Before copying, set the pictures aside; then repeat every line below verbatim.

Start of GIVEN MATERIAL

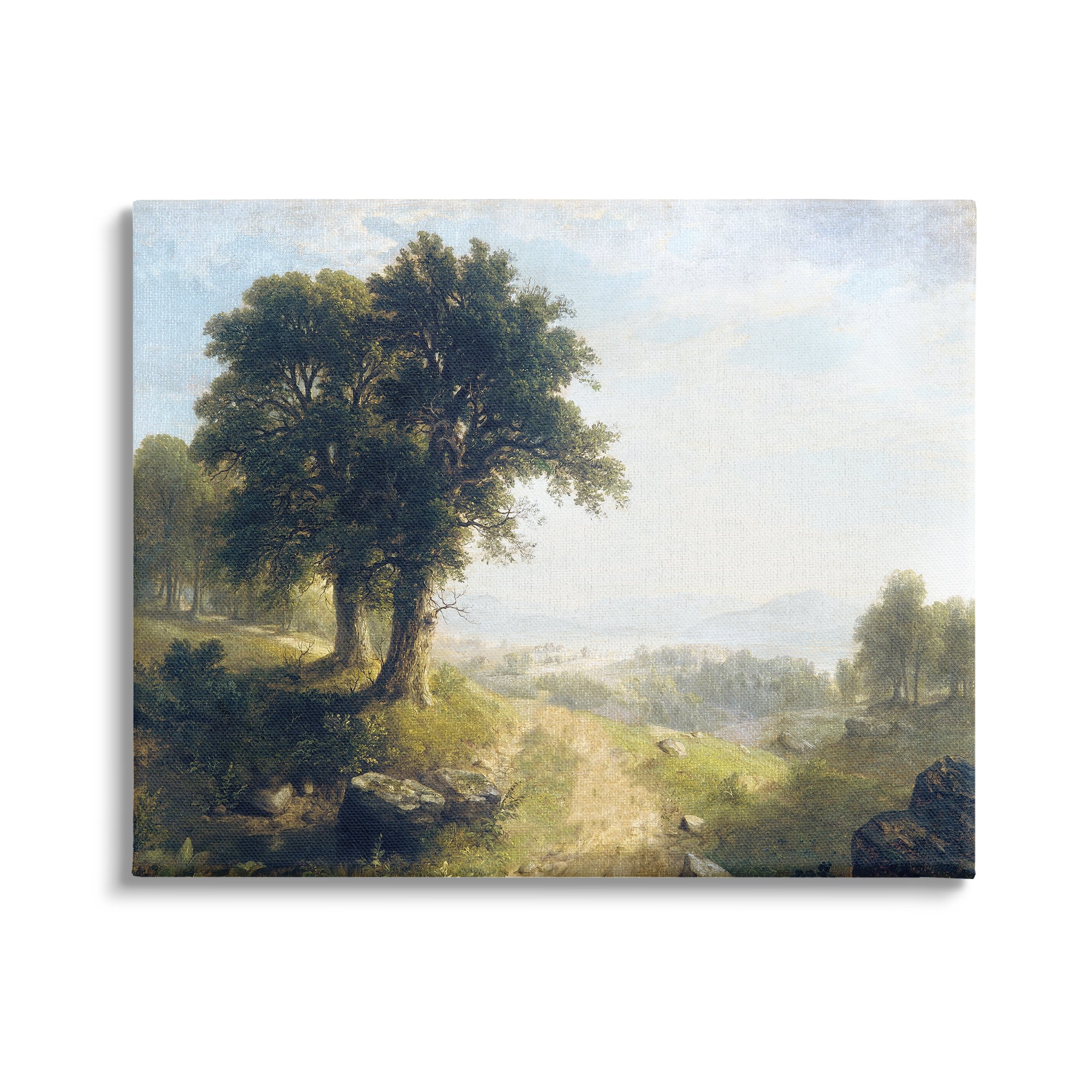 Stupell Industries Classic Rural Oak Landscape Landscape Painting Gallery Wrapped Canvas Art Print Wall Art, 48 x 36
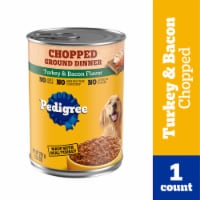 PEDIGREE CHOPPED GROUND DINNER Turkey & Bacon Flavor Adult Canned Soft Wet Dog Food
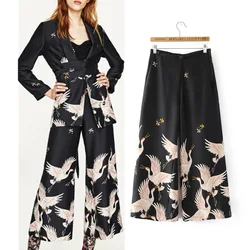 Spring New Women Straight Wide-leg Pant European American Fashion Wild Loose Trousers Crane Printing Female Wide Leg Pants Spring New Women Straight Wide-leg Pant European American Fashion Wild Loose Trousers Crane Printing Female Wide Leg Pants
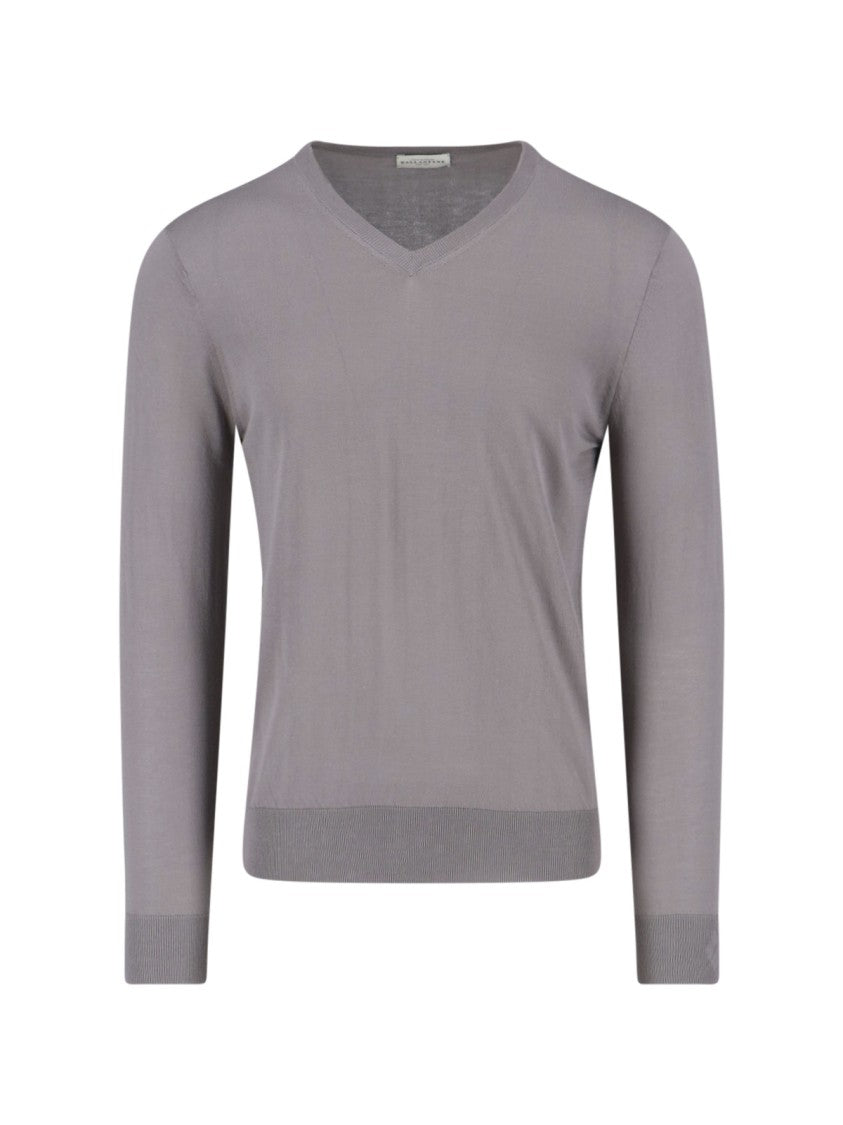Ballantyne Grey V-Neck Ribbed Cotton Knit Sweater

End of GIVEN MATERIAL

* SOLUTION
 Stupell Industries Classic Rural Oak Landscape Landscape Painting Gallery Wrapped Canvas Art Print Wall Art, 48 x 36
 PEDIGREE CHOPPED GROUND DINNER Turkey & Bacon Flavor Adult Canned Soft Wet Dog Food
 Spring New Women Straight Wide-leg Pant European American Fashion Wild Loose Trousers Crane Printing Female Wide Leg Pants Spring New Women Straight Wide-leg Pant European American Fashion Wild Loose Trousers Crane Printing Female Wide Leg Pants
Ballantyne Grey V-Neck Ribbed Cotton Knit Sweater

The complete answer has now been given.